An mRNA vaccine with broad-spectrum neutralizing protection against Omicron variant sublineages BA.4/5 -included SARS-CoV-2

Dear Editor,

The COVID-19 pandemic, caused by SARS-CoV-2, has resulted in more than 500 million confirmed cases, with over 6 million deaths by June 2022. Since the outbreak of the pandemic, five variants, including Alpha, Beta, Gamma, Delta, and Omicron, have been classified as VOCs¹. As a result of selection pressure and continued replication of the virus in human populations, new variants are sure to emerge, which will affect the spread of SARS-CoV-2 and vaccine efficacy¹.

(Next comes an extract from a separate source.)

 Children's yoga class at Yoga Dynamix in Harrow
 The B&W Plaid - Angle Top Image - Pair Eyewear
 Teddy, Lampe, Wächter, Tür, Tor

Accumulated evidence demonstrated that two-dose Wild type (WT)-based mRNA vaccines effectively induce neutralizing immunity to Delta and Beta, albeit with varying degrees of decline, but had low or completely absent neutralizing antibodies against Omicron². Therefore, it is imperative to develop an mRNA vaccine against Omicron because of its high infection rate and immune evasion properties. Indeed, a recent study found that Omicron-based mRNA vaccines induced potent neutralizing antibodies against Omicron but could not resist other SARS-CoV-2 variants³. In this study, we prepared and identified a Delta RBD-based mRNA vaccine with broad-spectrum neutralization against SARS-CoV-2 WT, Beta, Delta and Omicron variants. We designed 4 Delta RBD sequences with different UTRs and codon optimizations using Delta’s RBD as the target antigen for the mRNA coding sequence (CDS) (Fig. 1a). The most efficient of these mRNA constructs, mRNA-D2, was selected by Western blotting based on its in vitro expression levels (Fig. 1b). Western blotting results confirmed that Delta-RBD could be expressed in multiple cell lines (HEK293T, RD, and Huh7) in vitro (supplementary Fig. 1).

Fig. 1.

Development and characterization of an mRNA vaccine with broad-spectrum neutralizing protection against SARS-CoV-2 Omicron. a The mRNA construct of mRNA-D2-LNP expressing the SARS-CoV-2 RBD. b Delta RBD protein is expressed by mRNA in HEK293T cells. Cells were individually transfected with 4 mRNAs encoding Delta RBD (1 μg/mL) using Lipofectamine 2000 transfection reagent, and lysates were detected by Western blotting 16 hours after transfection. c Schematic diagram of mRNA-D2-LNP immunization, sample collection, and immunological assays. d, days; w, weeks; m, months. At days 10 and 24, Sera from immunized mice were assessed for Delta RBD-specific IgG antibodies (d) and pseudovirus-neutralizing antibodies (e) against Delta. After 5 months, Sera from immunized mice were assessed for Delta RBD-specific IgG antibodies (f) and pseudovirus-neutralizing antibodies (g) against Delta. ELISpot detection of IFN-γ (h) and IL-4 (i) release from SARS-CoV-2 RBD peptide stimulated splenocytes 56 days after mRNA-D2-LNP immunization. SFU = spot forming units. j Detection of SARS-CoV-2 RBD-specific CD4⁺ and CD8⁺ Tem cells (CD44⁺CD62L^-) in splenocytes 5 months after mRNA-D2-LNP immunization by flow cytometry. k At day 24, Sera from immunized mice were assessed for pseudovirus-neutralizing antibodies against WT, Beta, Delta, BA.1, BA.2, and BA.4/5. l After 5 months, Sera from immunized mice were assessed for pseudovirus-neutralizing antibodies against WT, Beta, BA.1, BA.2, and BA.4/5. The mice were challenged intranasally with Omicron BA.1 (3.0 × 10³ TCID₅₀) at week 7 after immunization. Nasal turbinate (m) and lung (n) samples were collected 3 days after challenge to assess viral RNA load by RT-qPCR. o Stored at 4 °C mRNA-D2-LNP was measured particle size and PDI every ten days and particle size change were analyzed by GraphPad Prism 8.0. p The mRNA-D2-LNP was transfected in 293 T cells every 20 days (mRNA-D2 = 1 μg/ml) and the lysates were collected for Western blotting to detect the change in Delta RBD protein expression. The numbers are the mean of the corresponding groups. Data were analyzed by one-way ANOVA with multiple comparison tests. (no significant (ns) p > 0.05, *p < 0.05, **p < 0.01, ****p < 0.0001)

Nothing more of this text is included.